In one example, decoder 213 may be configured as software tangibly embodied in memory 208, which may communicate with other software in memory 208 and CPU 201, as well as audio circuitry 206, and serves to decode ancillary data embedded in audio signals in order to detect exposure to media. Examples of techniques for encoding and decoding such ancillary data are disclosed in U.S. Pat. No. 6,871,180, titled “Decoding of Information in Audio Signals,” issued Mar. 22, 2005, and is incorporated by reference in its entirety herein. Other suitable techniques for encoding data in audio data are disclosed in U.S. Pat. No. 7,640,141 to Ronald S. Kolessar and U.S. Pat. No. 5,764,763 to James M. Jensen, et al., which are incorporated by reference in their entirety herein. Other appropriate encoding techniques are disclosed in U.S. Pat. No. 5,579,124 to Aijala, et al., U.S. Pat. Nos. 5,574,962, 5,581,800 and 5,787,334 to Fardeau, et al., and U.S. Pat. No. 5,450,490 to Jensen, et al., each of which is assigned to the assignee of the present application and all of which are incorporated herein by reference in their entirety.
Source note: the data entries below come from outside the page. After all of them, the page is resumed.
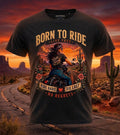 Born To Ride Vintage Desert Biker Graphic Tee | Highway Rebel Edition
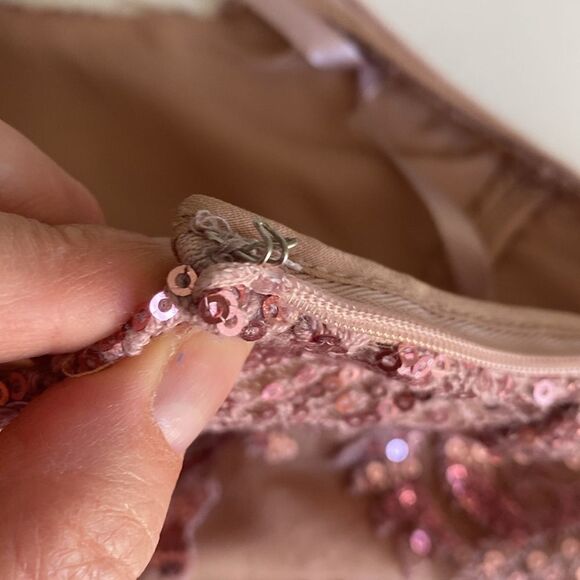 Free People Cream and Rose Gold Pink Night Shimmers Sequin Mini Dress Size 2 - Picture 8 of 13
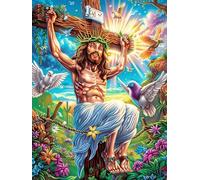 Jesus on The Cross in Magical Garden 500 Piece Premium Jigsaw Puzzle Adult Jigsaws Brain Training Hobby Home Decor Winter Gift Unique Shaped Recycled Cardboard 500 PCS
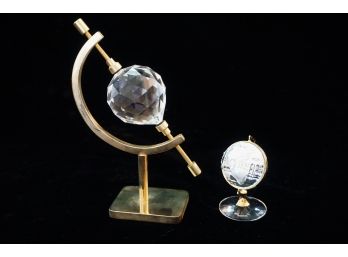 Two Globes - One Swaroski With Clock On Inside With Box
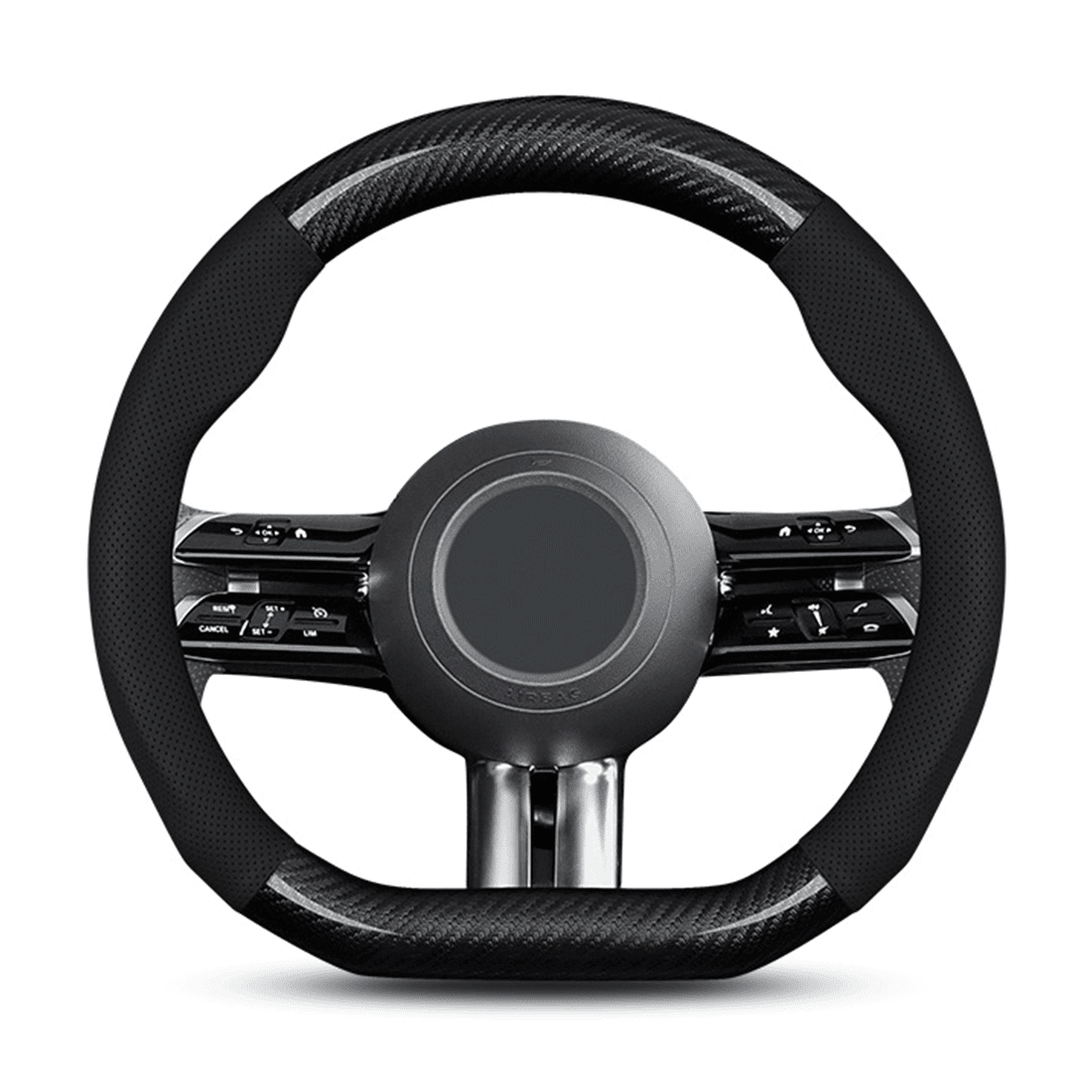 Flat Bottom Steering Wheel Cover, D Shaped Car Wheel Cover 14-14 1/4 in. (35.5-36 cm), for Tesla Model 3 / Y, for Camaro, Black Breathable Leather with Carbon Fiber Pattern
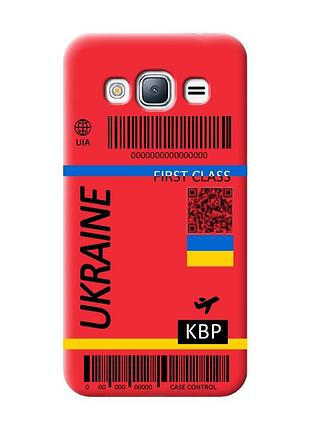 Матовий чохол з червоними боками на samsung galaxy j3/j310 :: авіаквиток україна (принт 262)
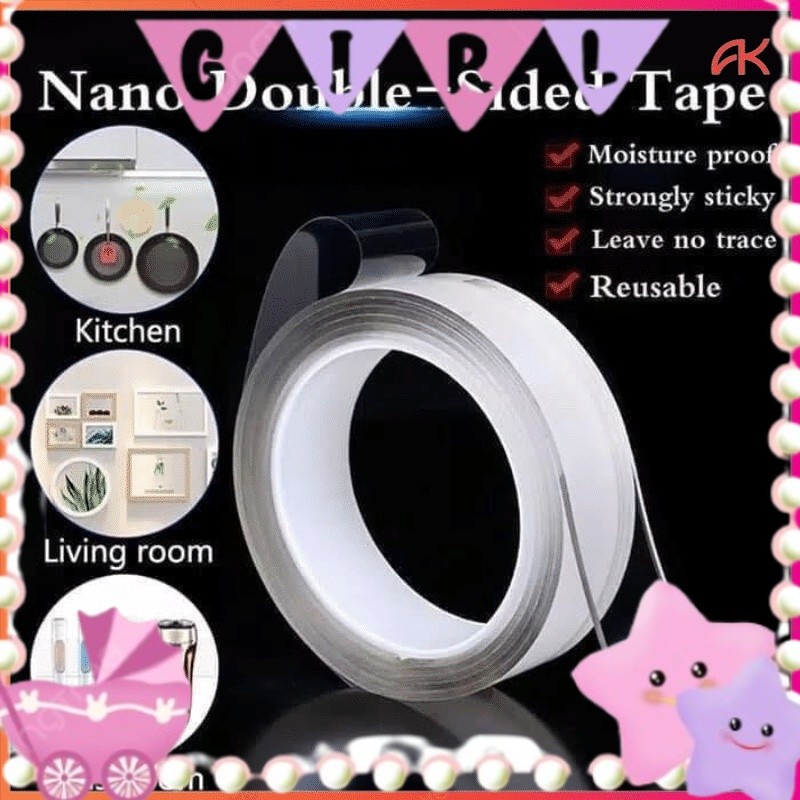 

NANO TAPE / DOUBLE TAPE TRANSPARAN UKURAN 1M 3M 5M / ISOLASI PEREKAT AJAIB BENING 2SISI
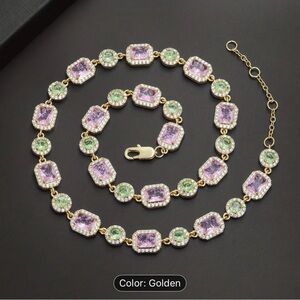 Elegant Gold and Purple Necklace Set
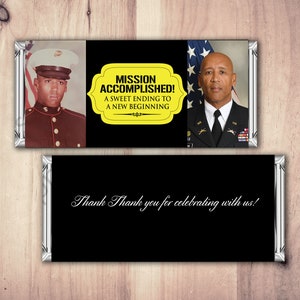 Military Retirement Candy Bar Wrapper, Candy Bar, retirement party, party favor, thank you,Army, Navy, Marines, Soldier, Digital file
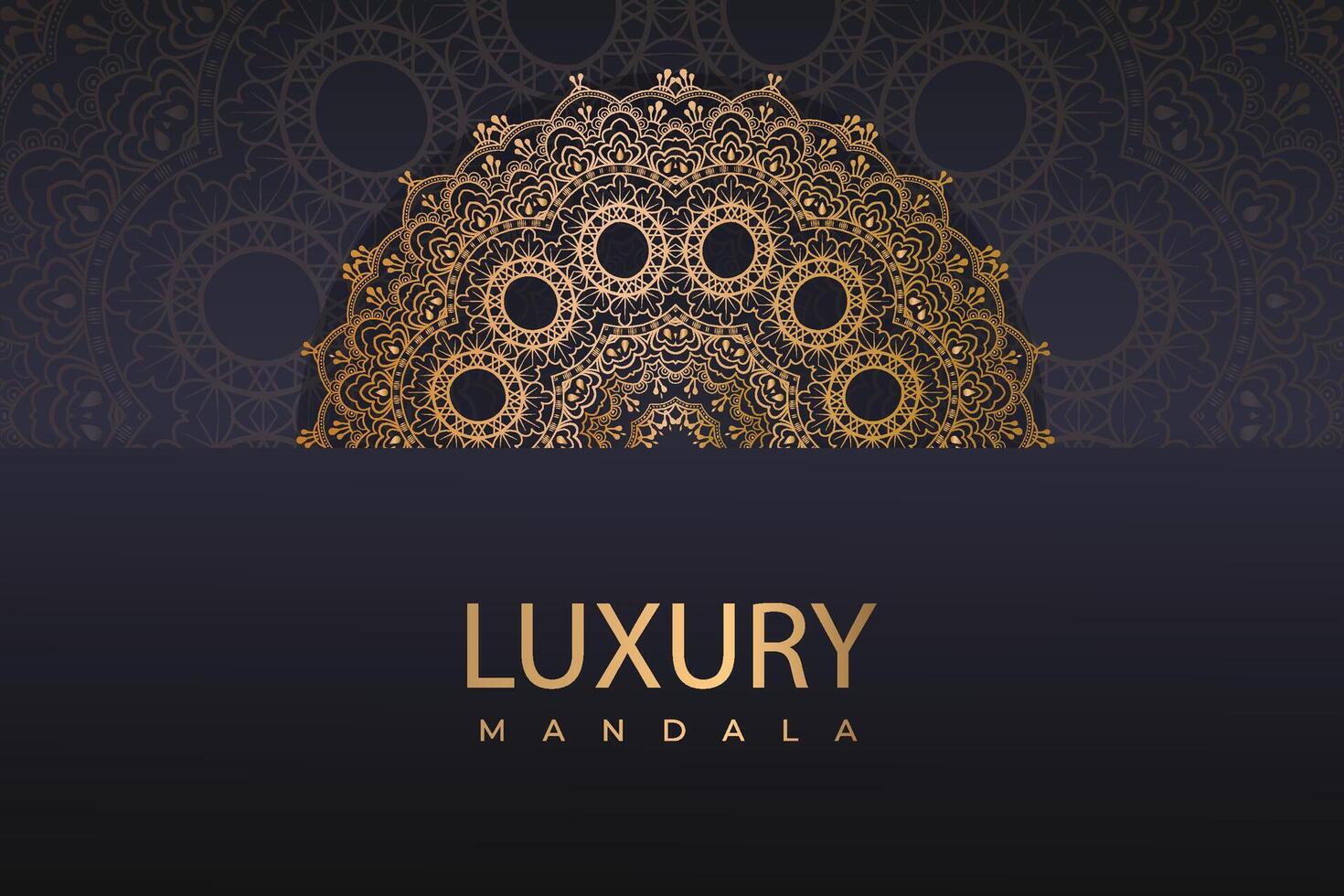 luxo mandala enfeite em uma Preto fundo. luxuoso dourado mandala vetor. decorativo dourado mandala presente cartão. mandala padronizar com ouro cor. criativo luxo arabesco mandala fundo. vetor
An audio signal which may be encoded with a plurality of code symbols may be received via data communication through RF interface 205 via audio circuitry 206, or through any other data interface allowing for the receipt of audio/visual data in digital form. Also, encoded audio signals may be reproduced on device 200 through digital files stored in memory 208 and executed through one or more applications (214) stored in memory 208 such as a media player that is linked to audio circuitry 206. From the following description in connection with the accompanying drawings, it will be appreciated that decoder 213 is capable of detecting codes in addition to those arranged in the formats disclosed hereinabove. Memory 208 may also include high-speed random access memory (RAM) and may also include non-volatile memory, such as one or more magnetic disk storage devices, flash memory devices, or other non-volatile solid-state memory devices. Access to memory 208 by other components of the device 200, such as processor 203, decoder 213 and peripherals interface 204, may be controlled by the memory controller 202. Peripherals interface 204 couples the input and output peripherals of the device to the processor 203 and memory 208. The one or more processors 203 run or execute various software programs and/or sets of instructions stored in memory 208 to perform various functions for the device 200 and to process data. In some embodiments, the peripherals interface 204, processor(s) 203, decoder 213 and memory controller 202 may be implemented on a single chip, such as a chip 201. In some other embodiments, they may be implemented on separate chips.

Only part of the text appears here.